When a single unit receives a treatment—a state passes a law, a country experiences a conflict—neither DiD nor matching provides a natural comparison group. In 2003, Alberto Abadie and Javier Gardeazabal introduced Synthetic Control Methods (SCM) to address this problem. SCM constructs a counterfactual for the treated unit as a weighted average of untreated units (the donor pool), where the weights are chosen so that the synthetic control matches the treated unit's pre-treatment outcomes and covariates as closely as possible. The identifying assumption is that the weighted combination of donor units provides a credible estimate of the counterfactual path in the absence of treatment. SCM extends the logic of DiD to settings with a single treated unit and a small number of comparison units, but it imposes additional data requirements: the researcher needs a long pre-treatment period and a donor pool of units that are unaffected by the treatment. The 2003 study of the economic costs of conflict in the Basque Country became a canonical application. SCM has since been refined with placebo tests and inference procedures, and it is now a standard tool in comparative case-study research.

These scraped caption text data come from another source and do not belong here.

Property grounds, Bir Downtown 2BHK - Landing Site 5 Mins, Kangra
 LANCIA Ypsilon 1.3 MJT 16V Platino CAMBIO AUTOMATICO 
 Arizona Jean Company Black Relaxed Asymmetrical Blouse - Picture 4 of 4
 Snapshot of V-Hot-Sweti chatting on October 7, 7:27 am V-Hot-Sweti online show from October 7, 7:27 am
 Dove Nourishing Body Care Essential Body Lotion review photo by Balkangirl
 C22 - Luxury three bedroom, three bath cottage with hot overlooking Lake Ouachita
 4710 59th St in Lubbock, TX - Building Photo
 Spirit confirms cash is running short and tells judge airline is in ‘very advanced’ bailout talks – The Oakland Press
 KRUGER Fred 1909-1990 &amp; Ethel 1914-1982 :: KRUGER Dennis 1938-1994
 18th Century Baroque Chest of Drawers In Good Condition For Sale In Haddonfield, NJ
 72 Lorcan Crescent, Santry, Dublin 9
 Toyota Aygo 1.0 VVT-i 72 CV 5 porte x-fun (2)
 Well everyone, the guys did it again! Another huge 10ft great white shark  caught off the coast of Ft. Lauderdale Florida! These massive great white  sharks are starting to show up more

All six frameworks remain active today, and they are often used in combination. The Potential Outcomes Framework provides the common language for stating assumptions, while RDD, matching, DiD, IV, and SCM offer specific identification strategies suited to different data structures and institutional settings. There is broad agreement that credible causal inference requires a clear statement of the identifying assumptions and a sensitivity analysis to assess how violations might affect the conclusions. The leading disagreement is between the design-based tradition, which prioritizes transparent assumptions and local identification, and the structural estimation tradition, which builds explicit economic models to recover deeper parameters. Within the design-based camp itself, there is ongoing debate about the scope of LATE estimates, the validity of parallel-trends assumptions in DiD, and the conditions under which synthetic controls provide reliable inference. These debates are productive: they push researchers to be more precise about what their designs can and cannot identify, and they continue to generate new methods that refine the tools available for learning about cause and effect from observational data.